Required work
Write out exactly the lines from the one that contains "When putting the" down to the last line of the material below, keeping both ends and omitting pictures.

Information supplied
((
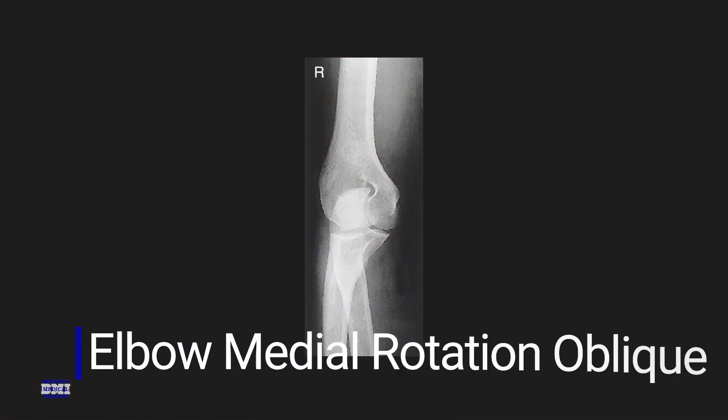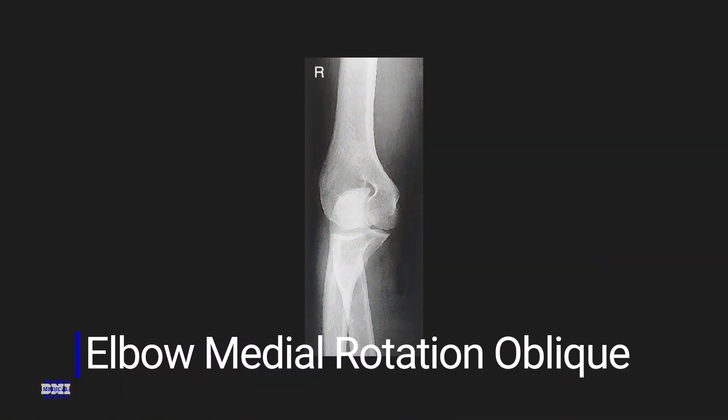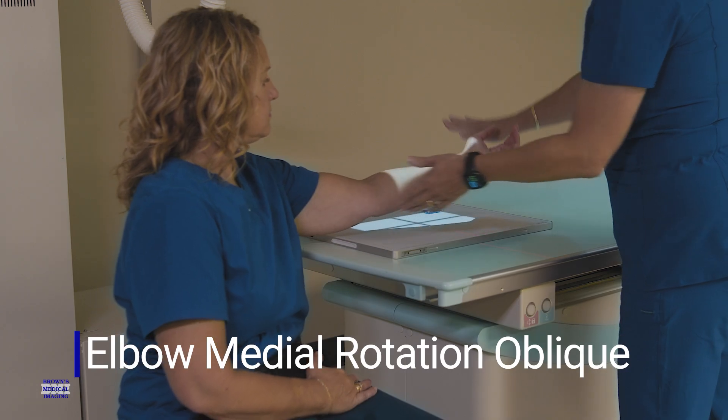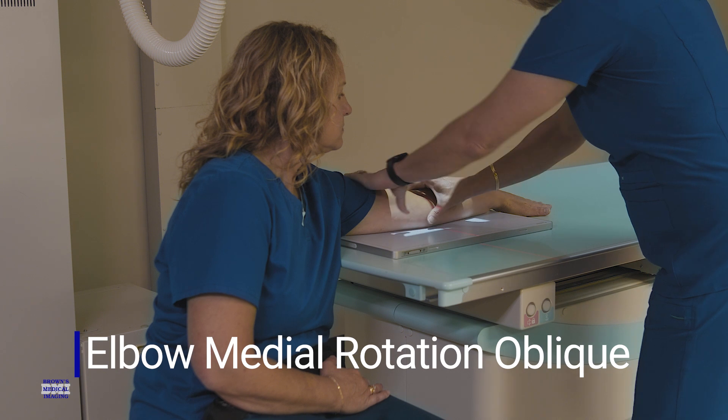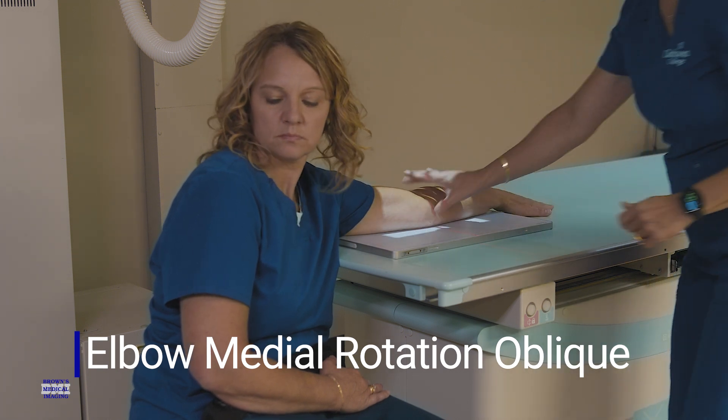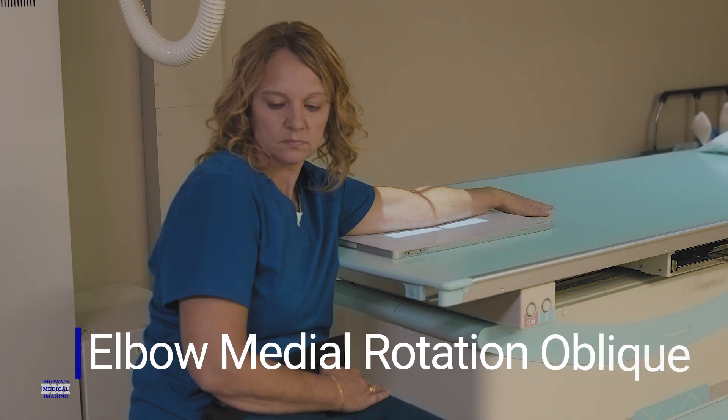Our other oblique that can be done is the medial rotation oblique. It's not as common, but it is much easier for the patient because they rotate their arm medially, meaning their palm surface is going to be down on the table, and you can palpate your epicondyles to see that they're 45 degrees. This image is going to best demonstrate the coronoid process free of superimposition.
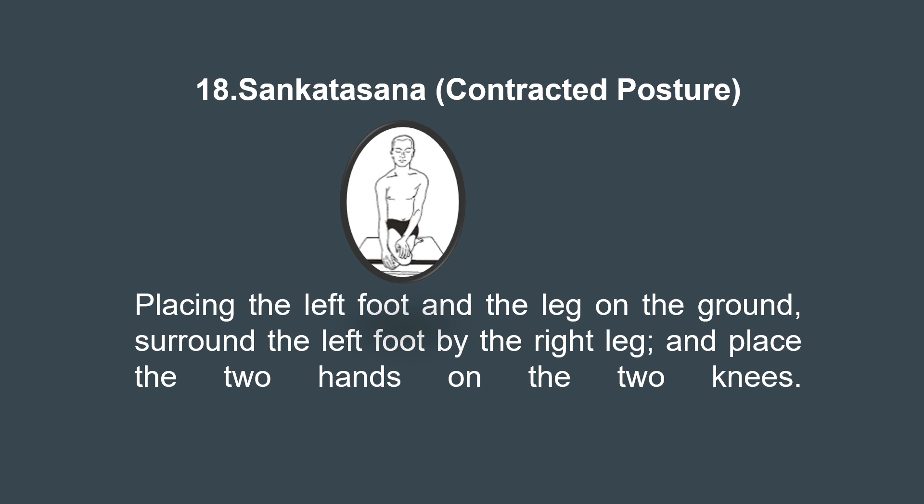The 18th asana is Sankatasana, the pose of contraction, already described on the slide as mentioned in the Gherand Samhita.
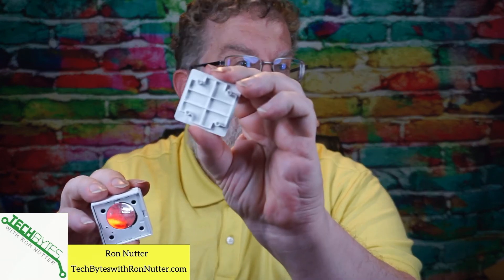When putting the cover back on, you have to look at it carefully. There's an arrow right there, and there's a matching arrow on the cover. You need to make sure those are both lined up and pointing in the same direction. Everything seems to be working.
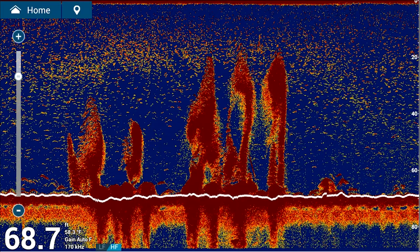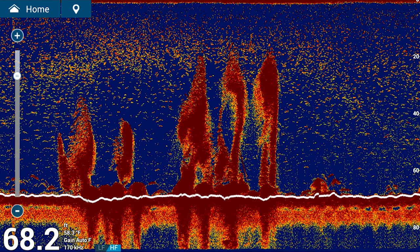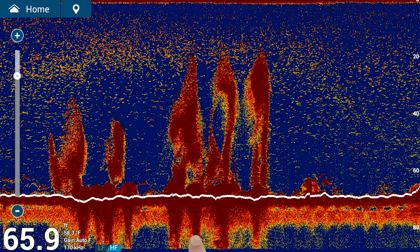Furuno's post-processing gain control allows you to instantly dial in your fish finder to get the best returns for the current conditions. Adjusting the gain settings manually updates all of the returns on the screen.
))
Reply to the exercise
When putting the cover back on, you have to look at it carefully. There's an arrow right there, and there's a matching arrow on the cover. You need to make sure those are both lined up and pointing in the same direction. Everything seems to be working.
Furuno's post-processing gain control allows you to instantly dial in your fish finder to get the best returns for the current conditions. Adjusting the gain settings manually updates all of the returns on the screen.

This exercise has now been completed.